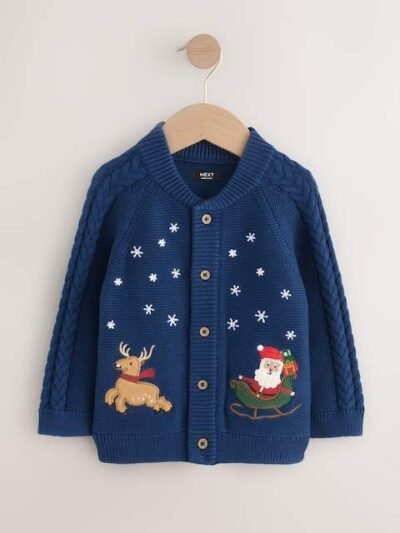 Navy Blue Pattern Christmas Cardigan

...

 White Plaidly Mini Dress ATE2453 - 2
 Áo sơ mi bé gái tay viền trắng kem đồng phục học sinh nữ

• [YOUR TASK]:
Take the lines above from the one containing "White Plaidly Mini Dress ATE2453 - 2" to the one containing "Áo sơ mi bé" and retype them exactly, both ends included, with nothing added.

• [SOLUTION TO THIS PROBLEM]:
 White Plaidly Mini Dress ATE2453 - 2
 Áo sơ mi bé gái tay viền trắng kem đồng phục học sinh nữ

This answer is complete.